While confirming my memory concerning Allende and Didion, I came across the Wikipedia article on Blue nights. It includes a quote from Rachel Cusk’s review of the book. She says “Didion’s writing is repetitive and nonlinear, reflecting the difficult process of coping with her daughter’s death”. While I don’t know about the reason, the “repetitive and nonlinear” description could equally be applied to Words for Lucy. The book is divided into twelve parts (plus a postscript), with each part comprising many small sections. There is an overall chronological arc to the book, in that after briefly describing Lucy’s death, Halligan does start with her birth, and tells of the funeral and wake near the end. What comes in between, however, is, writes Halligan, like “box of snapshots. You find your own way through the story, from random details”. In other words, if you are looking for a traditional grief memoir in which the memoirist works chronologically through the “stages” of their grief, you won’t find it here.

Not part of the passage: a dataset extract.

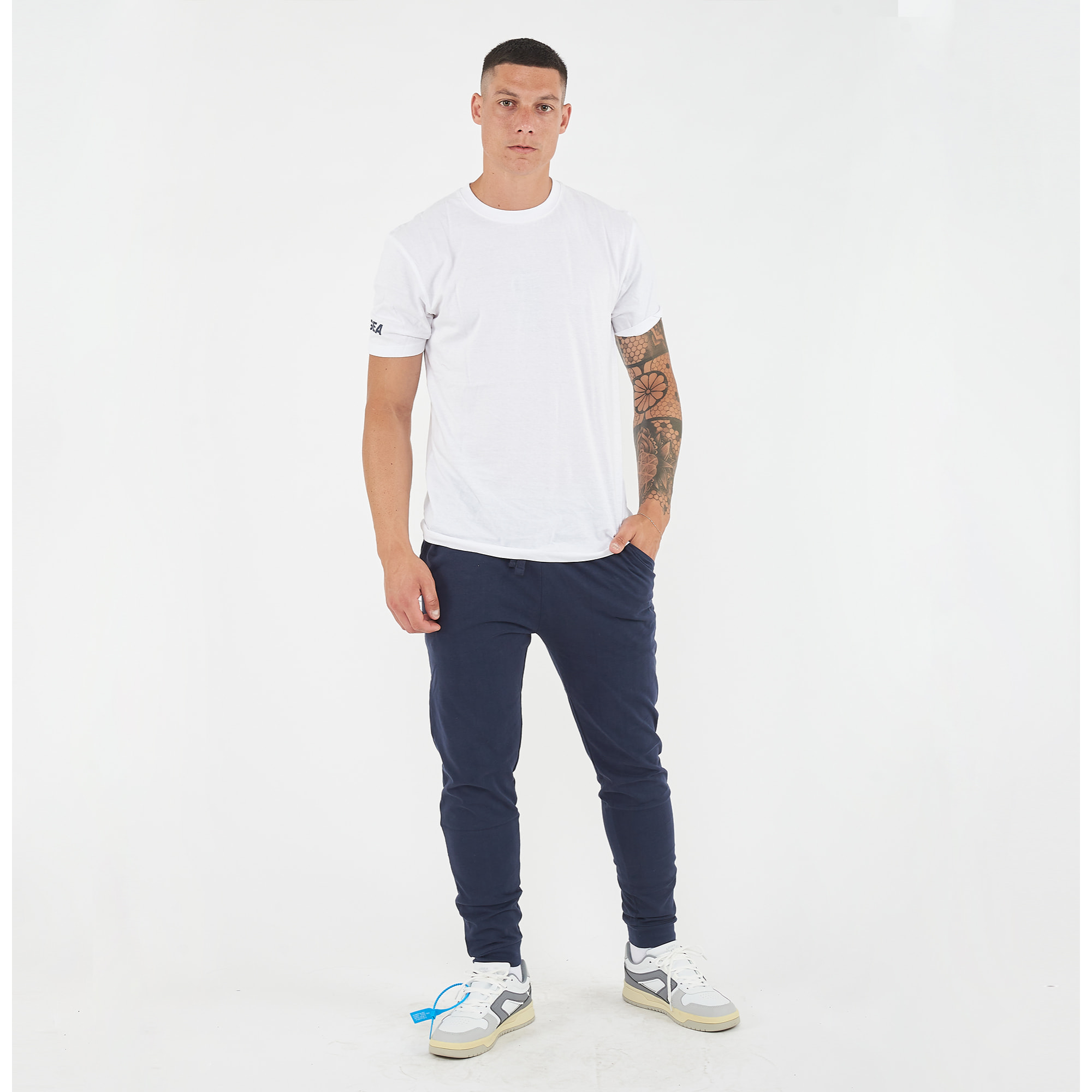 pantaloni fitness uomo fiondo blu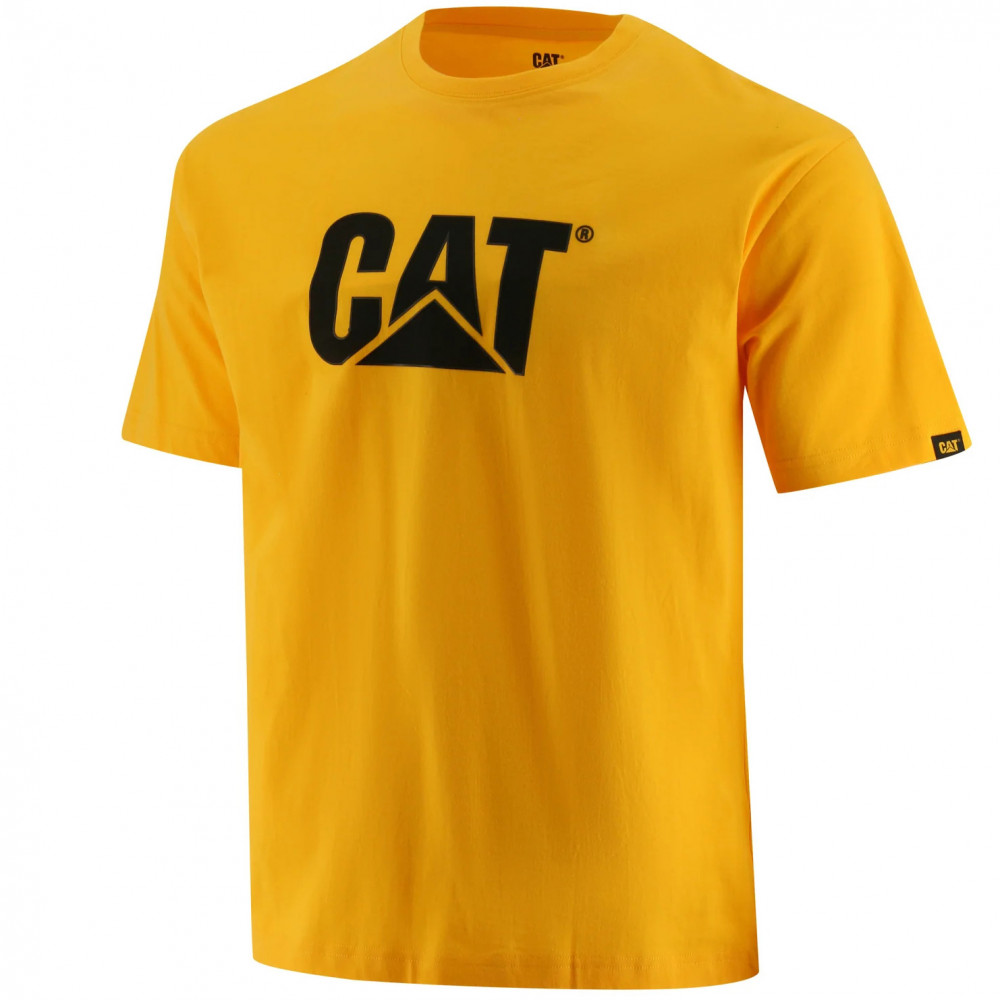 detail CATERPILLAR Trademark Logo žluté pánské triko 100% Ba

Carmel Bird and Marion Halligan
Carmel Bird and Marion Halligan, 2016

What you will find is a book about mothering and “daughtering”, about living with a chronically-ill child, about making memories and living with memories, about sadness and joy, about loss and grief (because Halligan has had more than you’d think fair), and about writing. It’s also about friendship. Having experienced my own devastating loss (of my sister in her early 30s), I know very well the value of friends. For Halligan, a great friend was the writer Carmel Bird. I was much moved by the role Carmel played in Lucy’s life, and by the love and support she clearly gave Marion.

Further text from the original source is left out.